What this task involves ::
Needed from the data below: every line from the one with "Rainbow CZ Safety" up to and including the one with "Peças de motos", repeated exactly and with nothing else.
━━━━━ Material supplied ━━━━━
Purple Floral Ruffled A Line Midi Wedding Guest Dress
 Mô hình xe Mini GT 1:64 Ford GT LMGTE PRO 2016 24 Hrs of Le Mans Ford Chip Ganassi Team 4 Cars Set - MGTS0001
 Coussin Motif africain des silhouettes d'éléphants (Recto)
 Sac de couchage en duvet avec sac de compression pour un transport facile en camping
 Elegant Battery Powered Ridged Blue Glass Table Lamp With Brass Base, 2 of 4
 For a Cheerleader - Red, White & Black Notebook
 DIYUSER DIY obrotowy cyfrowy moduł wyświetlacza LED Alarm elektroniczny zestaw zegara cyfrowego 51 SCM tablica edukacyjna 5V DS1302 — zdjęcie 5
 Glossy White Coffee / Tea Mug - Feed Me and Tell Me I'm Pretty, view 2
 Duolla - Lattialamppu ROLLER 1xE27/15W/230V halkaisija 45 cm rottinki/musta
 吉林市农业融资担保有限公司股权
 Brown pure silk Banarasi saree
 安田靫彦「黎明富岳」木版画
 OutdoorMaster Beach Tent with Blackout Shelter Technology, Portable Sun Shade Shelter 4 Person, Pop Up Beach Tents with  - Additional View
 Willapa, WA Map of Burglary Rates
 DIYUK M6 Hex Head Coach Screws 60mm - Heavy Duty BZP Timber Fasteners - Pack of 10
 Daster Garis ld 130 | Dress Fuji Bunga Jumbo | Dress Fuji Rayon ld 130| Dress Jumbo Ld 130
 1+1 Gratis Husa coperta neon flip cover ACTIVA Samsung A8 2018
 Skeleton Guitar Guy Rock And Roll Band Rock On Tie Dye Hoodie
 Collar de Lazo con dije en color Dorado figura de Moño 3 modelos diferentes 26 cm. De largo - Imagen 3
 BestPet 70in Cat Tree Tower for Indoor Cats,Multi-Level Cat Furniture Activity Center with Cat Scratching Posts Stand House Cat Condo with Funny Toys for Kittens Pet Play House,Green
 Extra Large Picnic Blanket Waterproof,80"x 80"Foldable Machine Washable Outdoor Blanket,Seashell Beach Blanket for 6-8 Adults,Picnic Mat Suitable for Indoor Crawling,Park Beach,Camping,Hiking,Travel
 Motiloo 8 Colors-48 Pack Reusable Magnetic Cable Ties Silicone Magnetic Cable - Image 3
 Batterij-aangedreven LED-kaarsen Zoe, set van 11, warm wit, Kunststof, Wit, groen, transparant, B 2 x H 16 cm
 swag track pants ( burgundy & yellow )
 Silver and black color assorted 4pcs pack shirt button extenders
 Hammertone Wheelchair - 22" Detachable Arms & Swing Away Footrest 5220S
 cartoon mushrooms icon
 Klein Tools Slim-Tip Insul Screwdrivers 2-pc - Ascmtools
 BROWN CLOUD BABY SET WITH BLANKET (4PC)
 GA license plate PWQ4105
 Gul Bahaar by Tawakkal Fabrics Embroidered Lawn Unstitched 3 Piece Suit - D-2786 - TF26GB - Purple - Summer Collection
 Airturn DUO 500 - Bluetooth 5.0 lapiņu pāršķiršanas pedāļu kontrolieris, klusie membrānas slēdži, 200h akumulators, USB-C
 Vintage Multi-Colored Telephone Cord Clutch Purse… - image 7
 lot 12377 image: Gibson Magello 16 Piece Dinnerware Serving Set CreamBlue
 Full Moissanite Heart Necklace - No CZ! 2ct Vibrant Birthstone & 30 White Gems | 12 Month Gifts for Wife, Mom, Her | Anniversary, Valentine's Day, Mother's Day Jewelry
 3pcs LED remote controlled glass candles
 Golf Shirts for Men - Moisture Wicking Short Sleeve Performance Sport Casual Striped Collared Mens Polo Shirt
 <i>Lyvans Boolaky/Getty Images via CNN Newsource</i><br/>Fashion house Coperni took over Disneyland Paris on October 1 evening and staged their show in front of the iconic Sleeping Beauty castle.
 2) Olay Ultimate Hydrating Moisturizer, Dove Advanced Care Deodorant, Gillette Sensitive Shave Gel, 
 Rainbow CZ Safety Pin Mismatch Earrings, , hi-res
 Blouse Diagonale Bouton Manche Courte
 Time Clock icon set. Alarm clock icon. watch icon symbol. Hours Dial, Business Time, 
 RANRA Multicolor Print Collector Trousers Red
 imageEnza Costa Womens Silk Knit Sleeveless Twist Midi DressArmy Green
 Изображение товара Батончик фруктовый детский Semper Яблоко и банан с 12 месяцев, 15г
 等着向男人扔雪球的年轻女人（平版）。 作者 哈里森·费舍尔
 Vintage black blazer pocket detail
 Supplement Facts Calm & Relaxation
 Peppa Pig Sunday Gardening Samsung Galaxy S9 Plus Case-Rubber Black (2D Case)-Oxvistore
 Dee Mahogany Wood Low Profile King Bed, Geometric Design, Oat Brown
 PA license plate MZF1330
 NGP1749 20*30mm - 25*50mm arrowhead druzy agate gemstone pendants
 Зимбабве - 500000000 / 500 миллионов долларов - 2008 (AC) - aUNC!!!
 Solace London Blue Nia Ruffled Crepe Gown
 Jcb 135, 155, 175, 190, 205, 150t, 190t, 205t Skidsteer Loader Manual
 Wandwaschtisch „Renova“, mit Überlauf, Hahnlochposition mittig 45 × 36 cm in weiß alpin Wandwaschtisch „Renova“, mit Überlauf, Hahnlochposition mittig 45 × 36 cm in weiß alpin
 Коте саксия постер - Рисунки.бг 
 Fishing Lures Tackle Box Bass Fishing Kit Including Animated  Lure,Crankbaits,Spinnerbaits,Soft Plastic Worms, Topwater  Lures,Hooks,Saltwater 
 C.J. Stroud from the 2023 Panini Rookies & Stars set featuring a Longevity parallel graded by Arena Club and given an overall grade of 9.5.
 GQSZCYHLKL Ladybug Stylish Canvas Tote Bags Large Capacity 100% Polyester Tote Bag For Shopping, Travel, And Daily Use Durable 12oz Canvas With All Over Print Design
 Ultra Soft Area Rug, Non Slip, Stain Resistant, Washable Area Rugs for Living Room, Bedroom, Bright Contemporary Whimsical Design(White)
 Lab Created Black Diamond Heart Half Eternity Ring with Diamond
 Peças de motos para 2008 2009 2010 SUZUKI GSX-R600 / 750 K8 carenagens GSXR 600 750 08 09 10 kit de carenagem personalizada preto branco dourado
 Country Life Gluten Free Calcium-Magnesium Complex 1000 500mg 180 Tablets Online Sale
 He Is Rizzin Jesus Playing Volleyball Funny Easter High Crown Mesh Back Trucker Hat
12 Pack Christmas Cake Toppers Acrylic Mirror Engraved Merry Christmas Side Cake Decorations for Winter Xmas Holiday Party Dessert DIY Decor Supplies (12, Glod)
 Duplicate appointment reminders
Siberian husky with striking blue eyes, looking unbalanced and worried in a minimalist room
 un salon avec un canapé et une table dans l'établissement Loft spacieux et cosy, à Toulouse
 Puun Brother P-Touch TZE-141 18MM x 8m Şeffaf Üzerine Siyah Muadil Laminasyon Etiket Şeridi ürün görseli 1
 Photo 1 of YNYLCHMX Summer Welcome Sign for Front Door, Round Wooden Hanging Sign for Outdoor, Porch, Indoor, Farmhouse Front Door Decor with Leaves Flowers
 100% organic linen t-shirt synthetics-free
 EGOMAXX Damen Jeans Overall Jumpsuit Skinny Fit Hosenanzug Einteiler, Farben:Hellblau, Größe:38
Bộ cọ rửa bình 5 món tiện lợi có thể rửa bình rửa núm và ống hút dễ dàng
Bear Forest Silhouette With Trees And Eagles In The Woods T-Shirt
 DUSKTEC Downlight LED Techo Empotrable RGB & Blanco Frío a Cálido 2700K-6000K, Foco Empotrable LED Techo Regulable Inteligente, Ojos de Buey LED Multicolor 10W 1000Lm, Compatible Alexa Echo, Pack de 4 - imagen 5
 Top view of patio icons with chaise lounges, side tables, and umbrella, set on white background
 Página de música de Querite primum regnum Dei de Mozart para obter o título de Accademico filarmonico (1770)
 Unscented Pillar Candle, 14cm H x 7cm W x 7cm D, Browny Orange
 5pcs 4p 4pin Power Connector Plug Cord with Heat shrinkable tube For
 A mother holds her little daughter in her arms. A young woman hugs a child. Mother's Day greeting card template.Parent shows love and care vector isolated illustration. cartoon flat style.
━━━━━
Task result ::
 Rainbow CZ Safety Pin Mismatch Earrings, , hi-res
 Blouse Diagonale Bouton Manche Courte
 Time Clock icon set. Alarm clock icon. watch icon symbol. Hours Dial, Business Time, 
 RANRA Multicolor Print Collector Trousers Red
 imageEnza Costa Womens Silk Knit Sleeveless Twist Midi DressArmy Green
 Изображение товара Батончик фруктовый детский Semper Яблоко и банан с 12 месяцев, 15г
 等着向男人扔雪球的年轻女人（平版）。 作者 哈里森·费舍尔
 Vintage black blazer pocket detail
 Supplement Facts Calm & Relaxation
 Peppa Pig Sunday Gardening Samsung Galaxy S9 Plus Case-Rubber Black (2D Case)-Oxvistore
 Dee Mahogany Wood Low Profile King Bed, Geometric Design, Oat Brown
 PA license plate MZF1330
 NGP1749 20*30mm - 25*50mm arrowhead druzy agate gemstone pendants
 Зимбабве - 500000000 / 500 миллионов долларов - 2008 (AC) - aUNC!!!
 Solace London Blue Nia Ruffled Crepe Gown
 Jcb 135, 155, 175, 190, 205, 150t, 190t, 205t Skidsteer Loader Manual
 Wandwaschtisch „Renova“, mit Überlauf, Hahnlochposition mittig 45 × 36 cm in weiß alpin Wandwaschtisch „Renova“, mit Überlauf, Hahnlochposition mittig 45 × 36 cm in weiß alpin
 Коте саксия постер - Рисунки.бг 
 Fishing Lures Tackle Box Bass Fishing Kit Including Animated  Lure,Crankbaits,Spinnerbaits,Soft Plastic Worms, Topwater  Lures,Hooks,Saltwater 
 C.J. Stroud from the 2023 Panini Rookies & Stars set featuring a Longevity parallel graded by Arena Club and given an overall grade of 9.5.
 GQSZCYHLKL Ladybug Stylish Canvas Tote Bags Large Capacity 100% Polyester Tote Bag For Shopping, Travel, And Daily Use Durable 12oz Canvas With All Over Print Design
 Ultra Soft Area Rug, Non Slip, Stain Resistant, Washable Area Rugs for Living Room, Bedroom, Bright Contemporary Whimsical Design(White)
 Lab Created Black Diamond Heart Half Eternity Ring with Diamond
 Peças de motos para 2008 2009 2010 SUZUKI GSX-R600 / 750 K8 carenagens GSXR 600 750 08 09 10 kit de carenagem personalizada preto branco dourado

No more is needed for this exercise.